A key focus of McCorriston (Reference McCorriston2014) and Lloyd, McCorriston, and Morgan (Reference Lloyd, McCorriston, Morgan and McCorriston2015) is how competition in the agricultural and food marketing chain might affect transmission of changes in upstream agricultural commodity prices through to final consumer prices. Following McCorriston (Reference McCorriston2002), assume an aggregate food processing/retailing sector producing a homogeneous good with firms setting output to maximize profits. Transmission of a change in the price of a raw agricultural commodity will be conditioned on two variables: change in the aggregate markup of the oligopolistic processing/retailing sector and the change in their costs. If the aggregate markup is zero, the extent of price transmission will depend only on the change in costs, the share of those costs in processing/retailing cost function, and the nature of the processing/retailing technology. If the markup is positive, market power will influence the degree of price transmission, the extent being dependent on how the aggregate markup adjusts to the change in costs and the nature of the demand function. Specifically, if the demand function is not too convex, there will be undershifting of the change in price of the raw agricultural commodity through to the retail price—that is, there is less than perfect pass-through, the food processing/retailing sector absorbing some of the increase in costs.

This undershifting result is well known from both the public and international economics literature, and several studies have found empirical evidence for it (Dutch coffee industry: Bettendorf and Verboven, Reference Bettendorf and Verboven2000; European cigarette industry: Delipalla and O'Donnell, Reference Delipalla and O'Donnell2001; global branded beer industry: Hellerstein, Reference Hellerstein2008; U.S. coffee sector: Nakamura and Zerom, Reference Nakamura and Zerom2010). However, it should be noted that the undershifting result can be overturned either if demand for a single product is sufficiently convex (Anderson, de Palma, and Kreider, Reference Anderson, de Palma and Kreider2001; Stern, Reference Stern1987) or if there are multiple products being sold by the processor/retailer stage (Hamilton, Reference Hamilton2009). The latter result occurs when the downstream sector responds to an increase in inputs costs by placing fewer retail products on the market, thereby lessening retail competition, resulting in overshifting of the input cost increase, a result confirmed empirically for the U.S. breakfast cereal market by Richards and Hamilton (Reference Richards and Hamilton2015), using a variation of the Berry, Levinsohn, and Pakes (Reference Berry, Levinsohn and Pakes1995)/Nevo (Reference Nevo2001) methodology.

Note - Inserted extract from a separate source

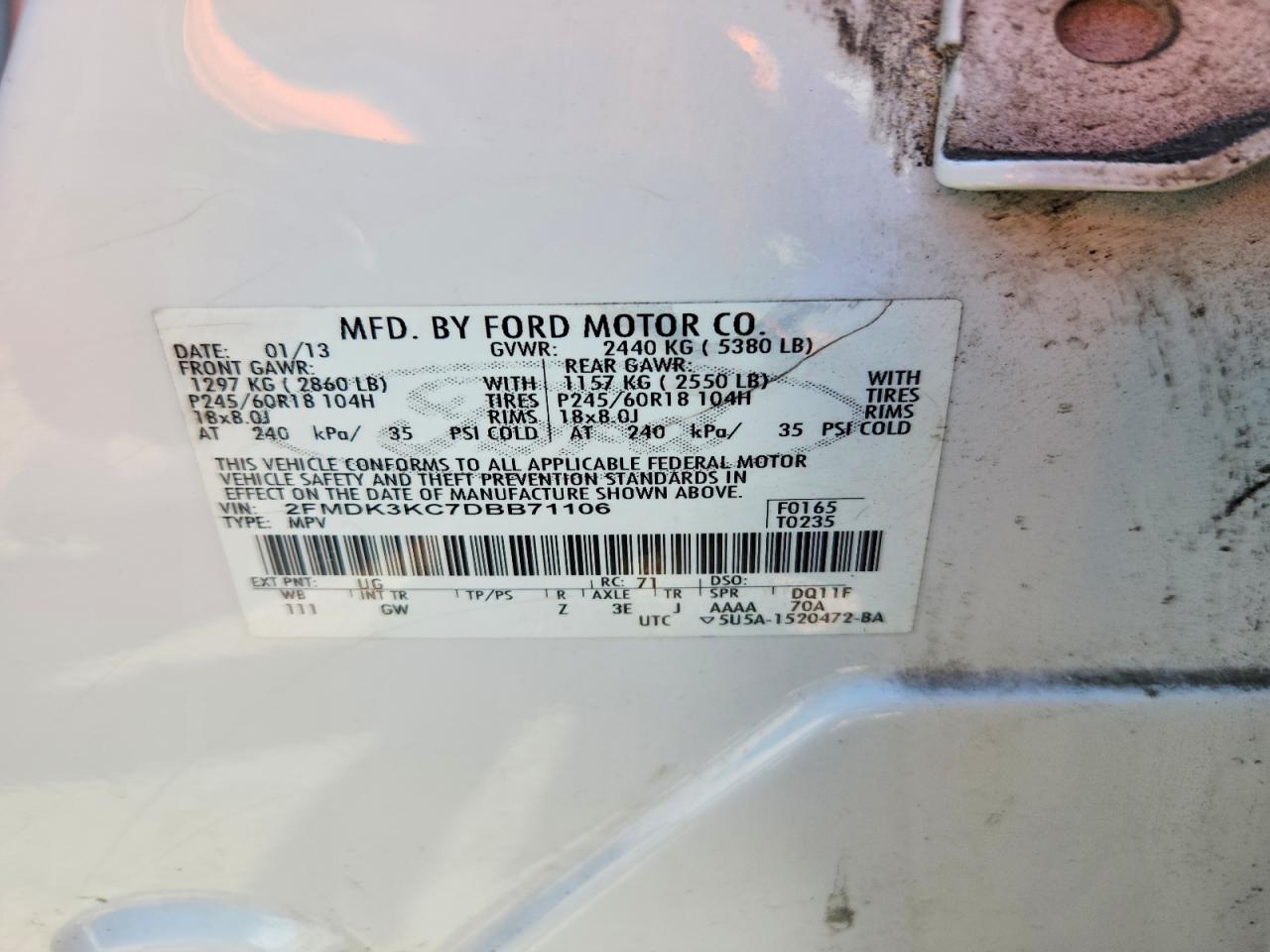 2013 Ford Edge Limited White vin: 2FMDK3KC7DBB71106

The simple model also ignores two questions that matter in the current context: How is price transmission affected by the presence of buyer power in the agricultural and food marketing system, and is price transmission affected by its vertical market structure? In terms of the former, Weldegebriel (Reference Weldegebriel2004) has shown that if the food processing/retailing sector is assumed to have monopsony/oligopsony power over upstream suppliers of the agricultural commodity, the extent of price transmission also depends on the extent to which the markdown of the input price changes, as well as the nature of the input supply function. Specifically, if the markdown increases following the change in input prices, this will offset any tendency for the markup at retail to narrow, and as a result, it may be quite difficult to be precise about whether it is buyer or seller power that is driving the extent of price transmission.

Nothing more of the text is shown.